若干31歳のサム・ルウィットの床に置かれた作品は特殊素材をうまく使った例である。フェロフルイッドという磁性流体を素材に使った不可思議な動きを見せる。床の上でタールのような液体の塊が割れたり、再生したりする。磁石液は茶褐色で、大地で起こりうる変化を漠然と想像させるという機能も備えた空間だ。
彫刻作品として展覧会入口の会場一杯に設置されたオスカー・トゥアゾンの建築空間は、梁や柱によりキューブに仕切られた小部屋の集まりで、時空間を再考させる作品だ。パフォーマーのK8ハーディーのファッションショーの舞台としても起用される。
パフォーマーで、フィルム制作者のウー・ツアングの『ワイルドネス』はロサンジェルスの異国からの性同一性障害者たちが集う「シルバープラター」というバーのドキュメンタリーだが、キッチュなインスタレーション作品も含め、セクシュアリティーと社会をテーマにしながら非現実的な世界を映しだした。
絵画作品ではニコル・アイゼンマン(1965年フランス出身。NY在住)の人物画のシリーズが注目を集めていた。描かれた顔はポートレイト特有のアイデンティティを主張するものではなく、どちらかというと子どもの描いた絵のような無邪気な表情が特徴的だ。抽象的で、色の違いや表情によって顔は際限のないストーリーを彷彿とさせ、理由なく引き込まれてしまう。

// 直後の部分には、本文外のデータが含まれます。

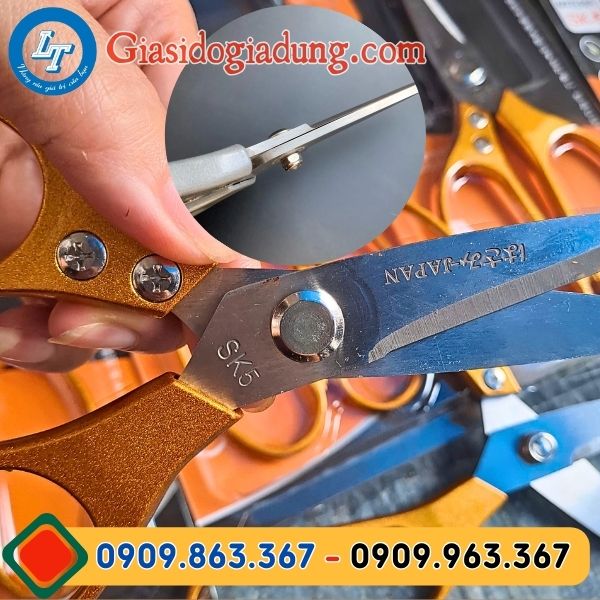 kaớ sk5 giá bán sỉ tốt nhất thị trường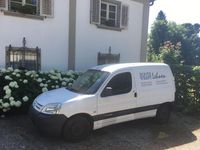Bild 2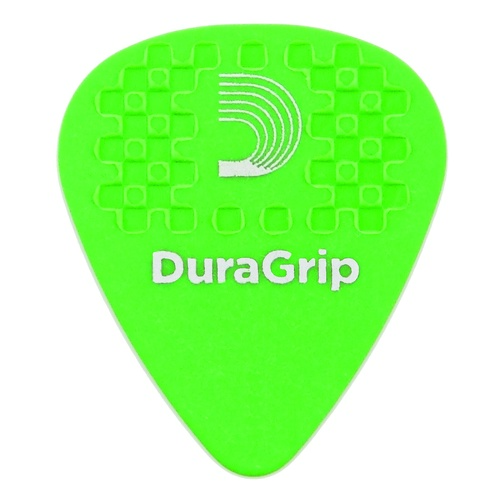 DuraGrip, 100pk, Medium by D'Addario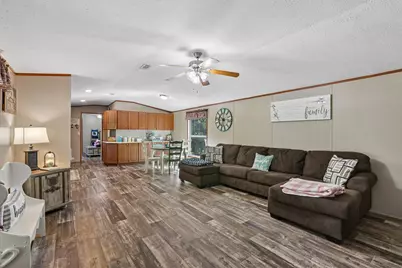 9240 County Road 272, Bertram, TX 78605 - Photo 11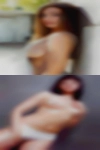 Y naked a r d o g 11.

多くのコラボレーションのなかでも興味深かったのは、ジゼル・ヴィエンヌ、デニス・クーパー、スティーブン・オーマリー、ピーター・レバーグのインスタレーション。ドローイングが壁紙の部屋の隅でマネキンの少年がパペットと対話する、という設定。人形が「……ちょっと待ってよ、話を聞いてよ、君の助けが必要なんだ……」としゃべりだす。対話の内容より少年の孤独感とヒットラーの紋章を上着に付けた人形の表情だけで、もう充分だ。
同じようにサイト・スペシフィックなインスタレーションを展開したケイト・レヴァント(1983年シカゴ出身)の鳥のいる状況劇場のような空間もユニークだった。テレビスクリーンを中心にしてあらゆる素材が配置され、自然とテクノロジー、物質と空間のかかわりを個人的なストーリー展開で見せた。
今回のバイエニアルは、ますます複雑で不確かな、そして混沌とした現代社会におけるあいまいさ、ダークファンタジーといった印象を全体的には覚えたが、奇妙な感覚と割り切れなさが鑑賞後即時の感想だ。